Ook ik stel vast dat de toekenning van het co-ouderschap vaak een bijna willekeurige beslissing van een individuele rechter is. Voor veel familierechters is een moeder blijkbaar (nog altijd) een betere opvoeder dan een vader. Sommige rechters zijn duidelijk niet mee geëvolueerd met onze samenleving. Zoals Wiewauters aanhaalt, is ook de vader een belangrijke zorgfiguur. Hij moet/wil ook betrokken worden bij de opvoeding en niet louter de rol van pretparkouder vervullen.

Als bemiddelaar ga ik voor onderhandelde oplossingen tussen ouders, waarbij het belang van het kind primeert.
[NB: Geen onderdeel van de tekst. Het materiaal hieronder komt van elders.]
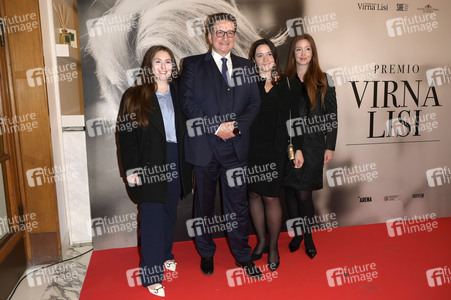 Preisverleihung Premio Virna Lisi 2024 in Rom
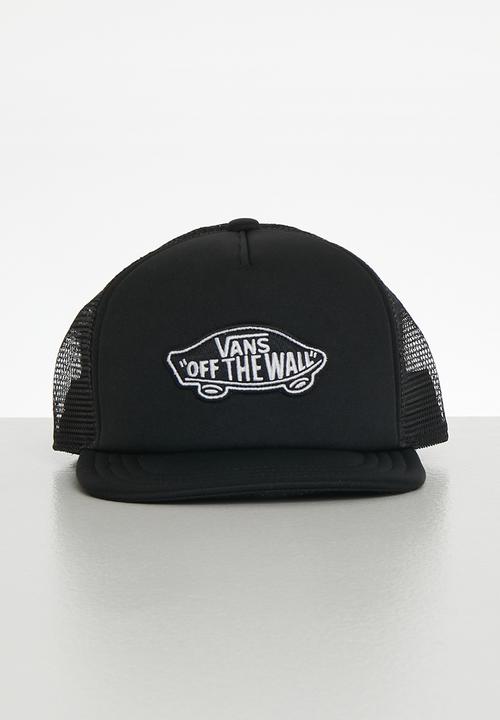 Vans - By classic patch trucker boys - black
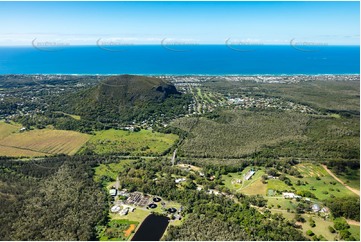 Aerial Photo Mount Coolum QLD Aerial Photography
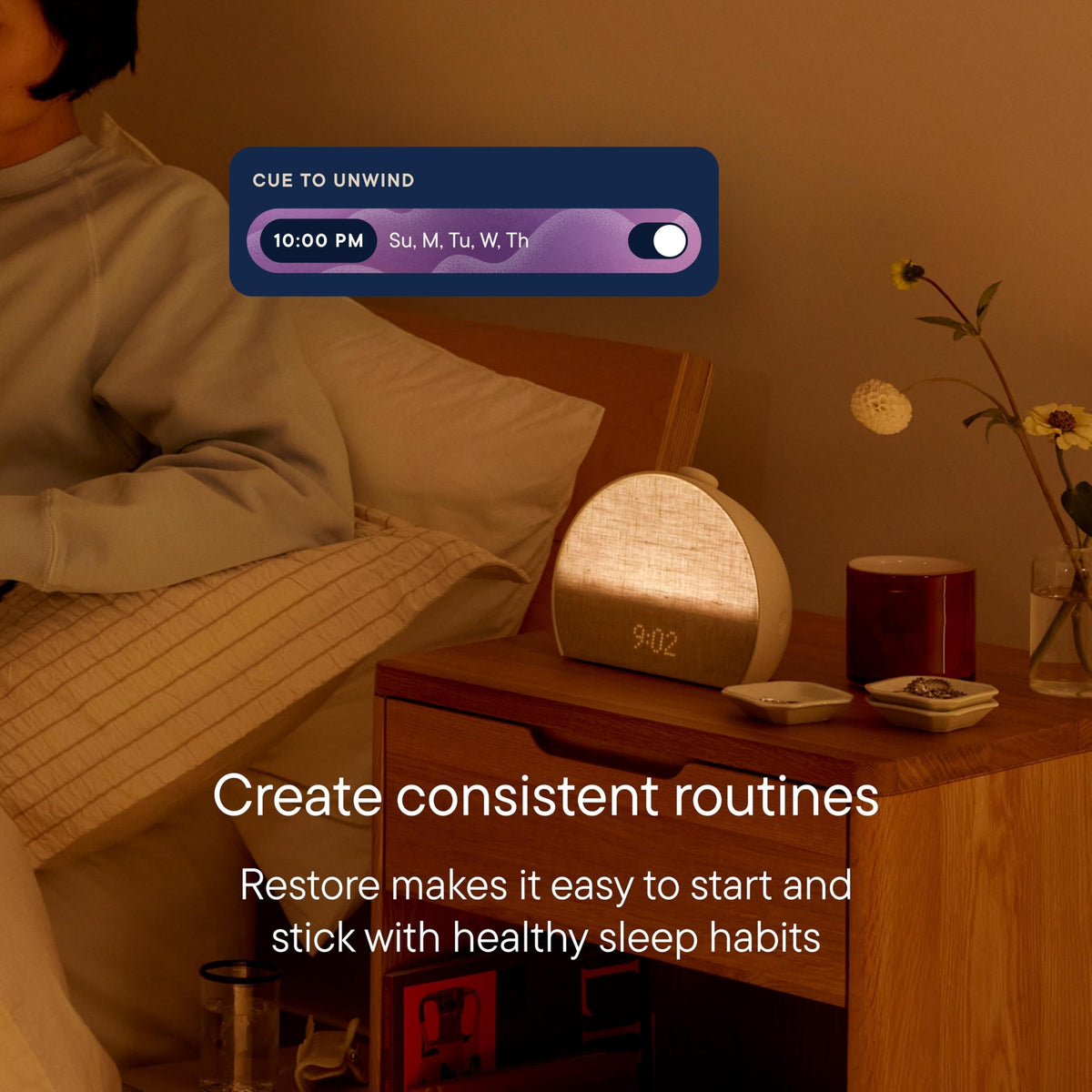 Sleep Audio Circadian Lighting U434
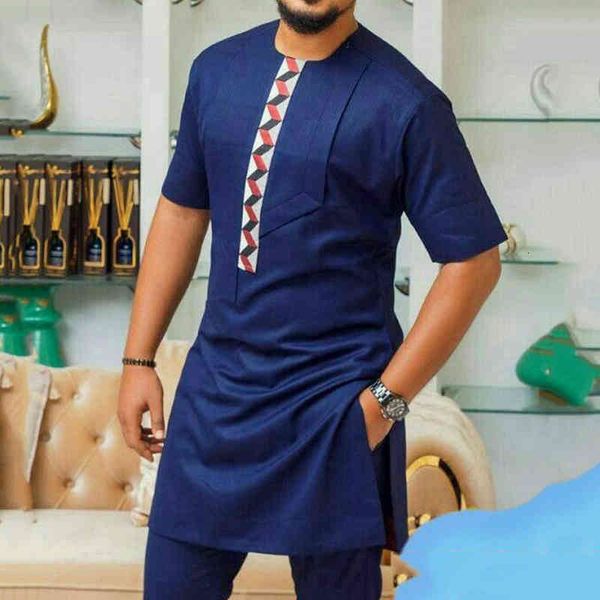 tracksuits dashiki men's summer sets shirt printed short sleeve plaid and pants 2 pieces suit african clothes for man r0sg ih7l, Gray
tracksuits dashiki men's summer sets shirt printed short sleeve plaid and pants 2 pieces suit african clothes for man r0sg ih7l, Gray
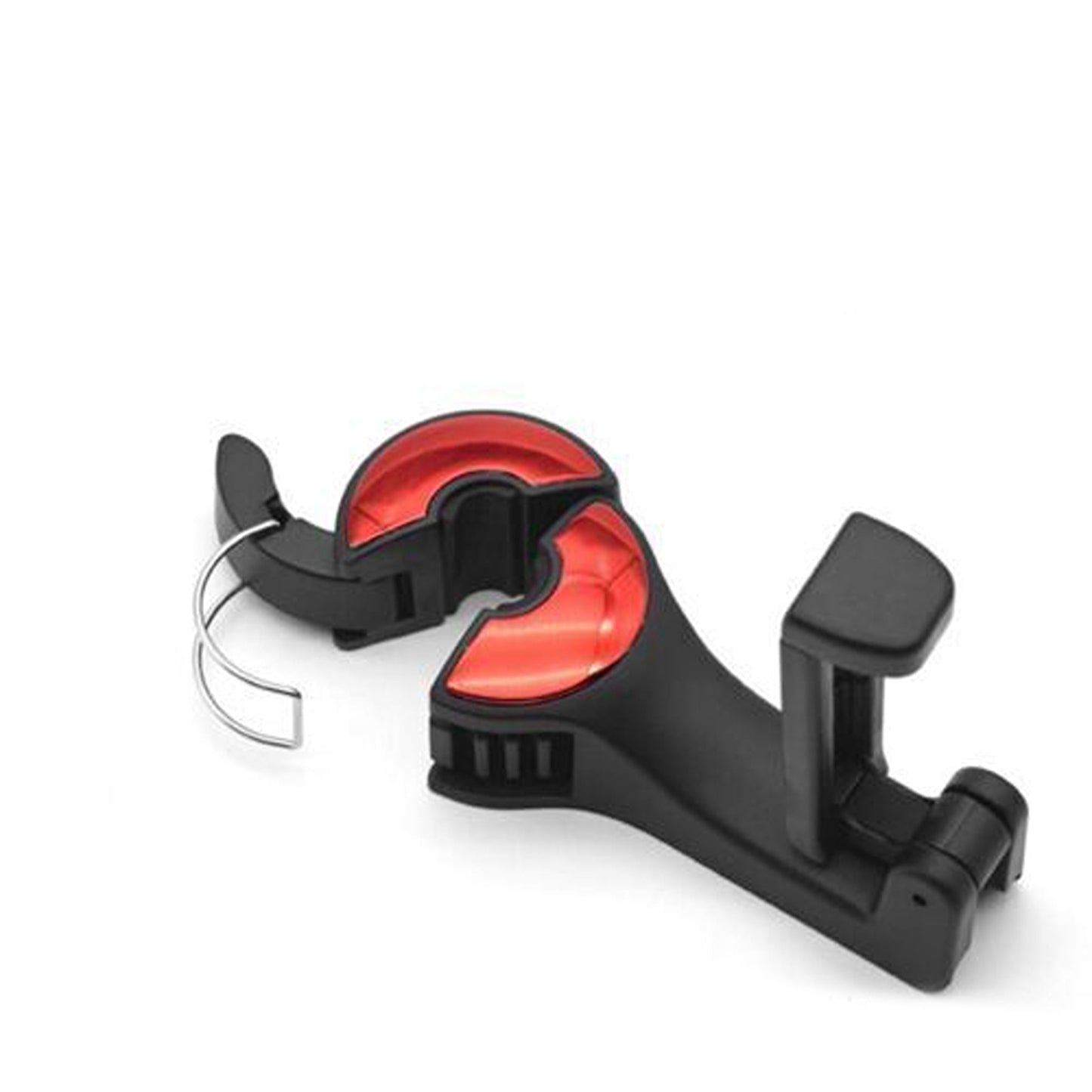 2-in-1 Car Seat Storage Hook with Mobile Phone Holder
Op die manier beslissen ouders samen voor de beste oplossing en laten ze dat niet over aan de familierechter. Van belang is ook dat kinderen na de scheiding flexibele ouders hebben, die kunnen en willen denken in het belang van hun kinderen. Daarom stel ik samen met ouders een ouderschapsplan op dat een ‘meegroeiplan’ is. Dit wil zeggen dat het een dynamisch plan is, dat ‘meegroeit’ naargelang de leeftijd, de wensen en de behoeften van de kinderen. In dat geval moet er geen familierechter aan te pas komen….

Lees ook:

Ouderschapsplan verplicht bij scheiding? 

Ouderschapsplan wijzigen, kan dat?

Co-ouderschap bij scheiding: is de moeder per definitie een betere opvoeder?

Co-ouderschap de beste oplossing?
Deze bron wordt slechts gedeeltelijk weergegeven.